ちなみに天人五衰について伝承があるお経や論書は、

  • 増一阿含経 第二十四・・・原始仏典(パーリに該当の経なし)
  • 法句譬喩経 一・・・原始仏典 法句経の因縁譬喩譚を説明した経
  • 大毘婆沙論 第七十・・・アビダルマ発智論の注釈書
  • 正法念処経 巻二十二・・・原始仏典・部派仏教の正量部の説
  • 仏本行集経 第五・・・阿含経関連の本縁部
  • 大乗理趣六波羅蜜多経 巻三・・・大乗経典
  • 瑜伽師地論 巻四・・・唯識派経典
  • 大般涅槃経 十九・・・大乗経典としての大般涅槃経
  • 摩訶摩耶経 巻下・・・中国撰述の偽経
  • 往生要集・・・源信作、大乗理趣六波羅蜜多経より引用

というのがあるようです。

ほとんどが原始仏典や部派仏教の情報です。天人五衰は、阿含経などの原始仏典に伝承されていますので、信憑性のある情報かもしれませんね。

原始仏典 増一阿含経第二十四 善聚品第三十二-六

そんな天人五衰に興味津々となり、三島由紀夫本にもあった原始仏典「増一阿含経第二十四 善聚品第三十二-六」をチェックしましてね。

このお経には、天人五衰にまみえ苦悩する天子の様子が描かれています。

天子はまもなく寿命が尽き、次は人間に生まれることを察知。
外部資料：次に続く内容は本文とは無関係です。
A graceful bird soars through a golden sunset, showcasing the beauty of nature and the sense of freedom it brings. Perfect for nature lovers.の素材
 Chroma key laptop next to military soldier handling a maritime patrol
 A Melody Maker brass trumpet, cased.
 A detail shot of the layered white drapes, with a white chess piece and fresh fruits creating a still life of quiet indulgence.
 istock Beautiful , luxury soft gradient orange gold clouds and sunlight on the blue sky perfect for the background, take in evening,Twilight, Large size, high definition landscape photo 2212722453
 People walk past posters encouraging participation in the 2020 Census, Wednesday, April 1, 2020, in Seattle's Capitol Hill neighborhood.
で、豊潤で贅沢な天宮の生活が終わることを愁憂し、苦悩。

いくら絶頂の栄華を誇っても、いつかはそれが終わってしまう。しかも苦しみとともに。その天子は、何事も変化していること(無常)に虚しさをおぼえ、仏法に帰依することを欲します。

で、この天子は、その後間もなく人間に転生。出家してブッダの弟子になり、解脱の道を歩む。

そういうお話しです。

神々の幸福よりも解脱・悟りが望ましい

スピリチュアルでは天使や神さまは大人気です。が、その天使にしろ、神さまにしろ、いずれ寿命が尽きます。で、苦悩します。

すべての命あるものは死を迎えますが、三十三天の天人が死を迎えるときは、かなり懊悩するようです。

解脱・悟りを求めるのは、こうした栄枯盛衰を味わい尽くし、その虚しさを知り尽くしているからなのかもしれませんね。

天人五衰。神々が死期にまみえる死の苦しみ。いやあ興味津々です。で、意味深です。